Soundtrack album by Susumu Hirasawa
- Released: 23 November 2006
- Studio: Studio WIRESELF 2002 Solar Version
- Genres: Choral; Collage; Electronica; Progressive rock; Symphonic; World;
- Length: 43:31
- Labels: Chaos Union, TESLAKITE
- Producer: Susumu Hirasawa

Susumu Hirasawa soundtrack chronology
| Paranoia Agent Original Soundtrack (2004) | Paprika Original Soundtrack (2006) | Free Music for Free-Lance Journalists and Independent Media (2011) |

= Paprika (soundtrack) =

Paprika Original Soundtrack (「パプリカ」オリジナルサウンドトラック, "Papurika" Orijinaru Saundotorakku) is the soundtrack to the 2006 film Paprika and was released on November 23, 2006, under the TESLAKITE label. It was composed by Susumu Hirasawa. A bonus movie was included with the CD.

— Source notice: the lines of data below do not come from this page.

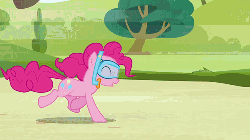 Size: 500x281 | Tagged: safe, screencap, pinkie pie, earth pony, pony, g4, season 3, too many pinkie pies, animated, blowing, female, floaty, goggles, jumping, mare, pool toy, rubber duck, snorkel, solo, splash, splashing, swimming, wet mane
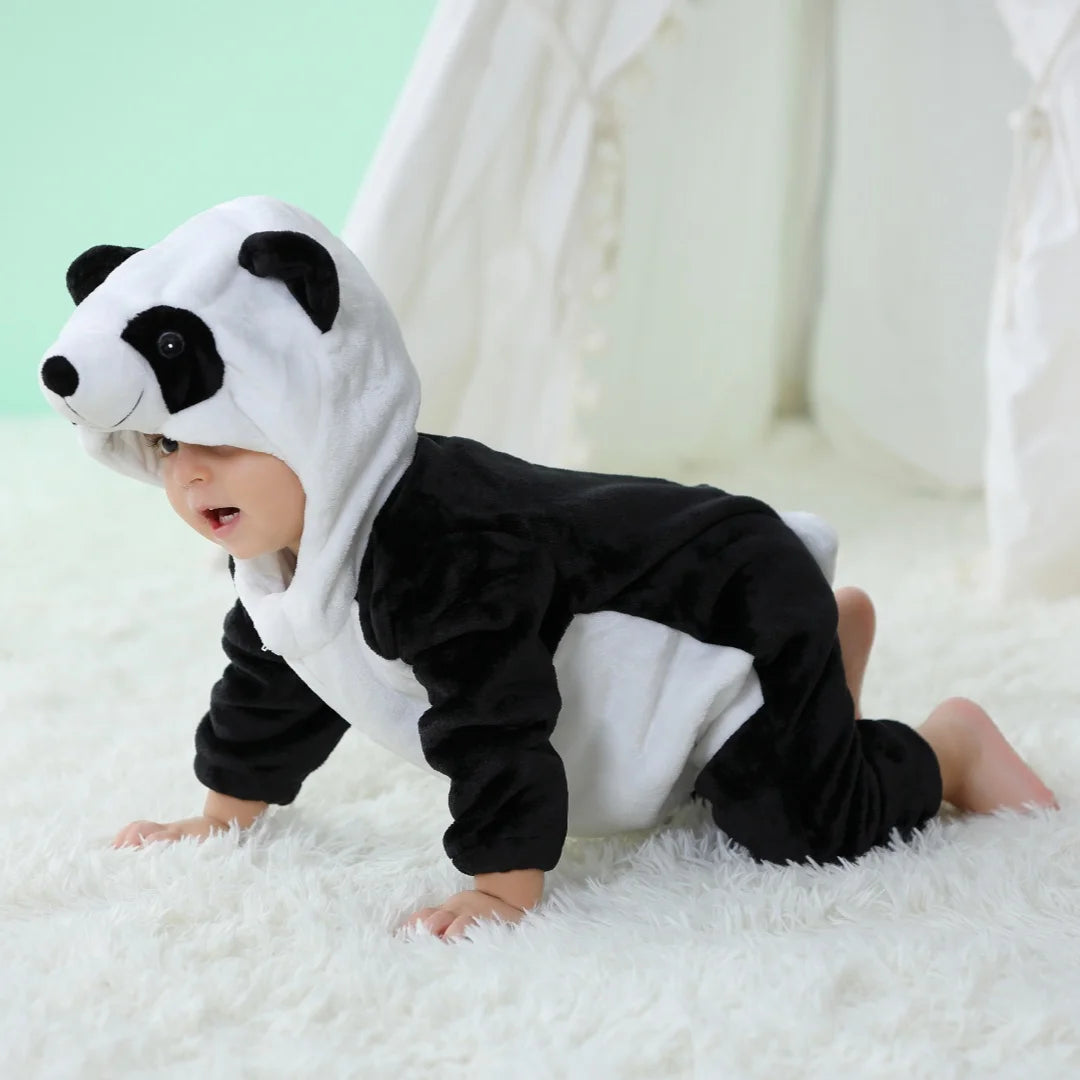 Baby Unisex Romper Newborn Panda Animal Cartoon Onesie Pajamas Anime Cosplay Costumes for Kids Boys Girls Christmas Halloween
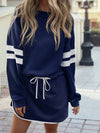 Varsity Stripe Detail Drop Shoulder Pullover Mini Skirt Set
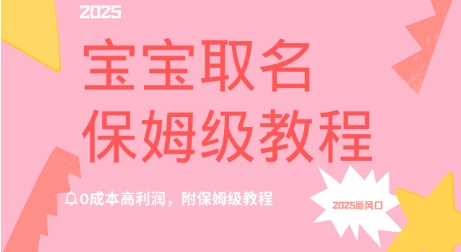 2025新风口项目宝宝取名，0成本高利润，附保姆级教程-轻资本网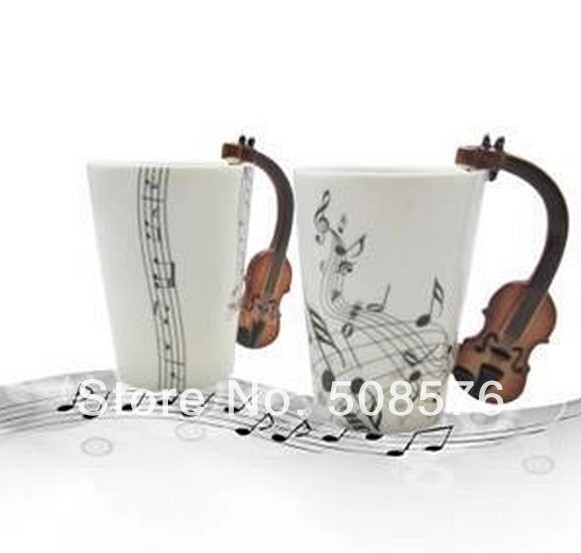 High Quality Music Cup Violin Enamel Cup England style Coffee Cup Great Gift Free Shipping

The soundtrack is notable for being one of the first film scores to use Vocaloid (Lola as the "voicebank") for vocals. It's also the last of Hirasawa's albums where an Amiga computer was used for composition. All MIDI was sequenced through an Amiga 4000 running the Bars n Pipes program.

==Track listing==

"Parade" was originally released on the album Byakkoya – White Tiger Field. "The Girl in Byakkoya – White Tiger Field" is a slight rerecording of that album's title track.

| No. | Title | Length |
|---|---|---|
| 1. | "Parade" (パレード Parēdo) | 5:45 |
| 2. | "Mediational Field" (媒介野 Baikaiya) | 4:59 |
| 3. | "A Blind Spot in a Corridor" (回廊の死角 Kairō no Shikaku) | 1:59 |
| 4. | "Welcome to the Circus" (サーカスへようこそ Sākasu e Yōkoso) | 1:00 |
| 5. | "A Tree in the Dark" (暗がりの木 Kuragari no Ki) | 1:26 |
| 6. | "Escapee" (逃げる者 Nigeru Mono) | 3:14 |
| 7. | "Lounge" | 2:05 |
| 8. | "The Shadow" (その影 Sono Kage) | 3:19 |
| 9. | "A Drop Filled with Memories" (滴いっぱいの記憶 Shizuku Ippai no Kioku) | 4:39 |
| 10. | "Chaser" (追う者 Ou Mono) | 3:03 |
| 11. | "Prediction" (予期 Yoki) | 1:44 |
| 12. | "Parade" (パレード Parēdo) (instrumental) | 5:51 |
| 13. | "The Girl in Byakkoya – White Tiger Field" (白虎野の娘 Byakkoya no Musume) (Paprika Ending Theme) (パプリカ・エンディングテーマ Papurika Endingu Tēma) | 4:47 |
| 14. | "The Girl in Byakkoya – White Tiger Field" (白虎野の娘 Byakkoya no Musume) (short movie) (extra track) | 2:35 |

downloadable outtake
| No. | Title | Length |
|---|---|---|
| 2. | "Runner" (走る者 Hashiru Mono) | 3:03 |

==Personnel==
- Susumu Hirasawa – Voice, Electronic keyboard, Amiga, Personal computer, Digital audio workstation, Synthesizers, Vocaloid, Sampler, Sequencer, Programming, Production
- Masanori Chinzei – Recording, Mixing, Mastering
- Rihito Yumoto and Mika Hirano (Chaos Union) – A&R
- Kiyoshi Inagaki – Design
- Jodi Tack – Album Art Direction (US release)
- Hideki Namai – Photography
- Satoshi Kon – Art (movie stills on US release)
- Syotaro Takami and Nicholas D. Kent – Translation
- Dave Plisky – Translation (US release)
- Masaru Owaku – VideoClip direction
- Thanks: UK Nakagaw, Usagi Tanaka

==Release history==

Region: Date; Label(s); Format; Catalog; Notes
Japan: November 23, 2006; Chaos Union, Teslakite; enhanced CD; CHTE-0038; Comes in cardboard slipcase.
Digital Download: none
France: February 26, 2007; Milan Entertainment; enhanced CD; 399 107–2
Digital Download: none
United States: May 22, 2007; enhanced CD; M2-36284; Has all-new package design centered around the film. Cover is detail from the US release's poster.